BTW if your chain is sharp and has the right cutter profiles and you place the log on a slope you should not have to push the mill very hard or at all. If every thing is set up just right the mill it should go down the slope under its own weight.

If your mill is going up and down at any stage and needs a weight to hold it down that is possibly a sign that the bar is not parallel along its width to the mill. This might also explain why you are having to push. It might only be out of parallel by a 1/16" and that will cause this problem.


----------



## billstuewe (Jun 23, 2009)

Thanks, I like the magnet idea. It wasn't that the saw was hard to push--I am spoiled by the Logosol and like the crank. The line is nylon and stretches a bit and keeps a nice pressure in the cut and the left hand on the trigger is easy to steer with, especially on an irregular log. I will include a pic of my favorite mill----How do I post so that the picture is part of this message box?
(I know of no way to prevent the sag on the long bars with the logosol--if you pick up the middle the tip rises too. That is why I bought the AK)
Bill


----------



## BobL (Jun 23, 2009)

billstuewe said:


> ----How do I post so that the picture is part of this message box?

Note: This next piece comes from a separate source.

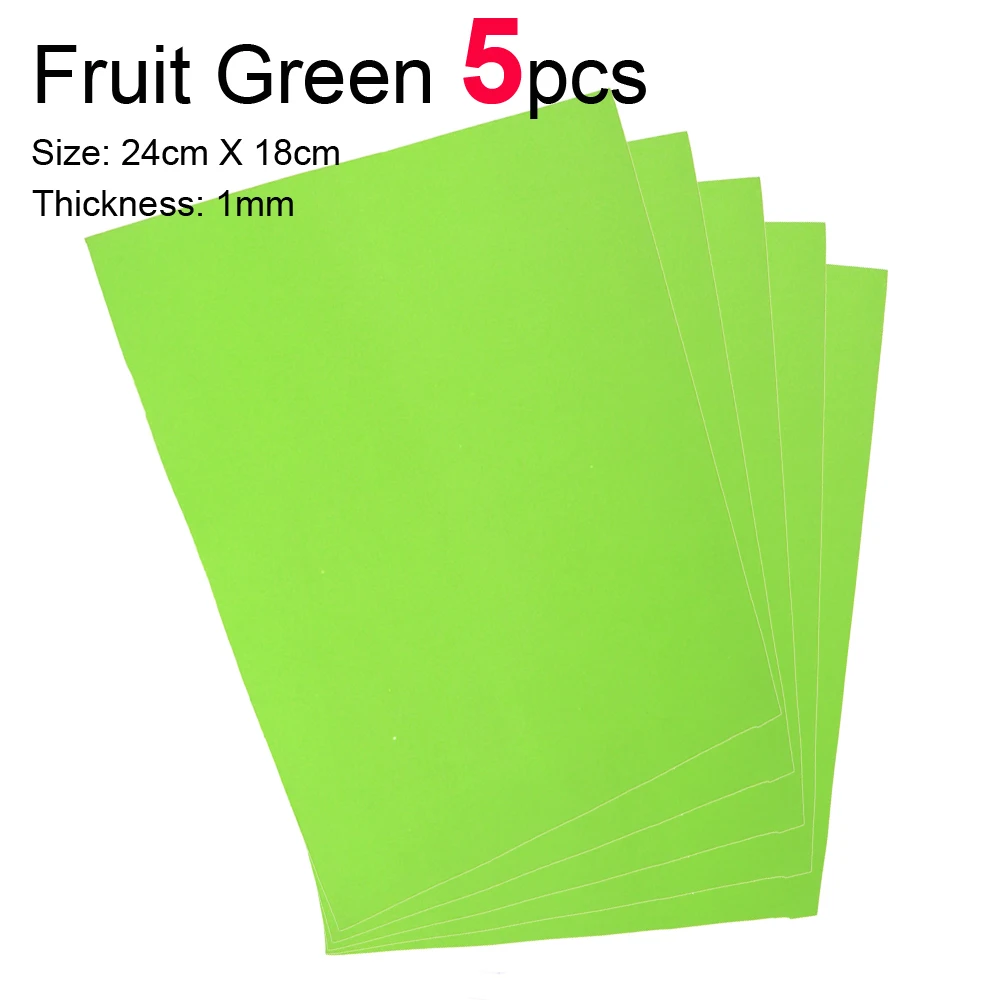 Fruit Green 5pcs ICERIO, 5 шт., 1 мм, тонкая муха, EVA foam paper, плавающая пена, полоски для бункера, сухая муха, Caddis, крыло, материал корпуса - Цвет: Fruit Green 5pcs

Upload your images as per usual and then park your cursor in the message box where you want an image to be. Then click on the paperclip icon in the menu buttons above the message box and a drop down menu will appear. Select the image from this menu


----------



## lmbeachy (Jun 23, 2009)

Bill, as deep as that sawdust is getting around your mill it looks like it is about time to get an old snow blower out and blow that dust away. lmbeachy


----------